In a blog apparently intended to reassure Opel staff, but accessible to the public, he insisted GM had not specified a preferred bidder. But he made clear his own preference for the bid from Belgian financial investor RHJ International, which is loosely related to U.S. private equity fund Ripplewood, over the offer by Canadian-Austrian car parts maker Magna and its Kremlin-backed Russian partner Sberbank.
Smith’s post is entitled “Clearing the Air” and was ostensibly written to clarify GM’s intentions and dispel erroneous reports ascribed to interested parties. But his account shows just how poisonous the atmosphere appears to be between GM and Magna, and GM and the German government, which backs Magna’s bid. It also suggests that the air is not too clear within GM’s top management either.
Specific to the Magna bid, which is clearly preferred by several politicians and the Labor Bench, the bid presented to GM varied from the negotiations we had in the previous weeks and contained elements around intellectual property and our Russian operations that simply could not be implemented…
The bid from RHJI is completed and would represent a much simpler structure and would be easier to implement. It would require less monetary participation by the government and would keep our global alignments solid, while still creating an independent Opel/Vauxhall organization in Germany. This remains a reasonable and viable option to be considered as the very difficult issues around the Magna negotiations continue to be worked.

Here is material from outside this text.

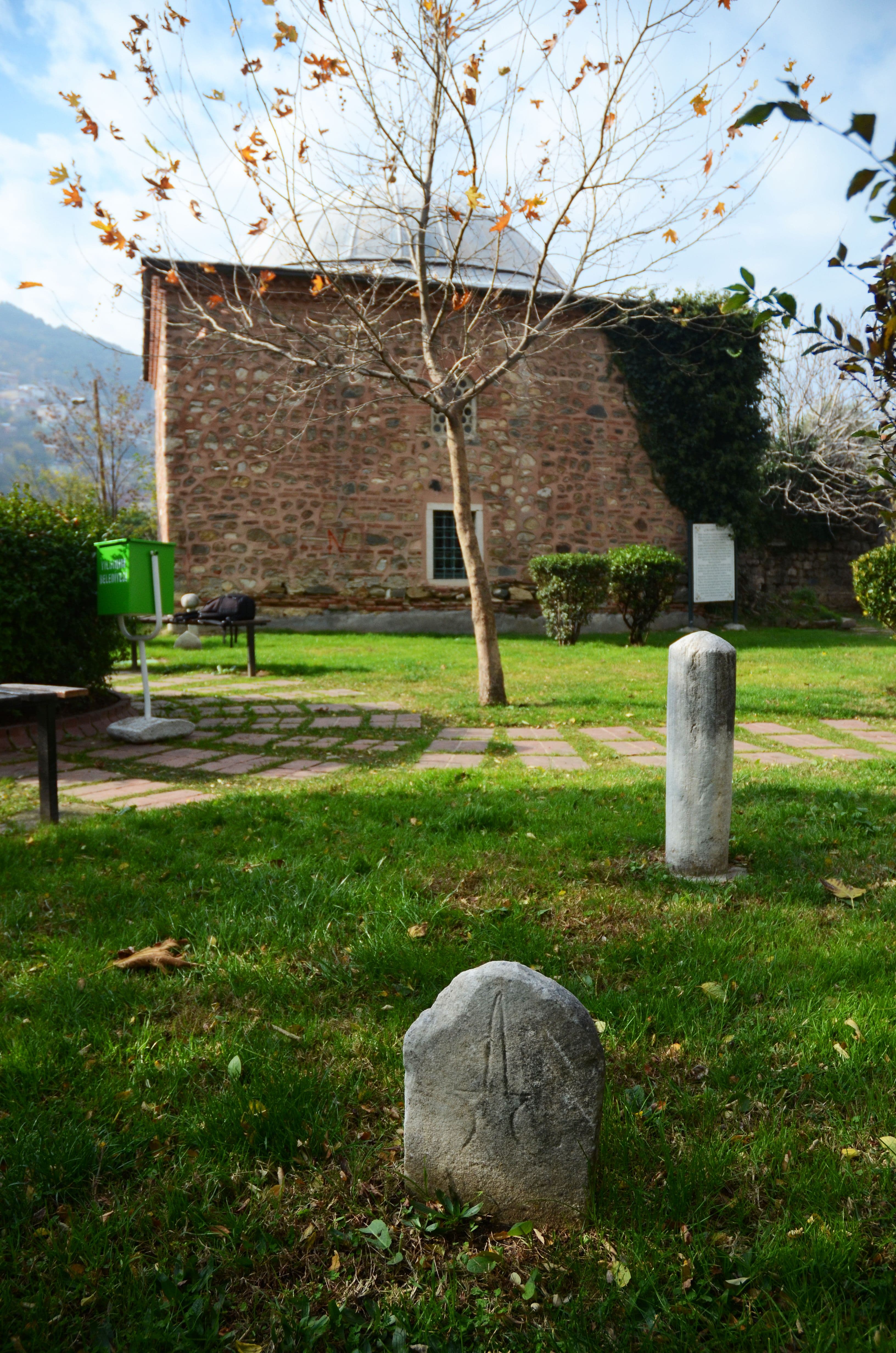 Bursa'daki Çobanbey Türbesi'nin bahçesinde yer alan tarihi mezar taşları ve arka planda görünen türbe binası.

The following day, (July 29) Smith felt the need to add an update denying that GM was seeking to buy back control of Opel at a later date, or that it had asked the U.S. Treasury for financial assistance to restructure Opel. The former is strange since several sources have said a buy-back option is a key feature of RHJ’s offer and not of Magna’s.
So what is going on here and why did the chief negotiator feel the need to explain himself in semi-public in this way? One can only speculate, but one plausible theory is that GM’s top management is split. This would not be surprising since the U.S. government now holds a controlling stake in the shrunken GM that emerged from bankruptcy, and Washington is probably being lobbied heavily by Berlin to support the Magna bid. A senior aide to Chancellor Angela Merkel discussed Opel with the U.S. Treasury on Wednesday.
If GM were to choose RHJ in defiance of Berlin’s clearly stated wishes, it would spark a crisis with political ramifications just as Germany is entering the final phase of campaigning for a Sept. 27 general election. Might the Obama administration not lean on GM’s top management in Detroit to avoid being branded as a potential job-killer in Germany? If so, Smith’s blog may be a doomed effort to make business arguments prevail over politics.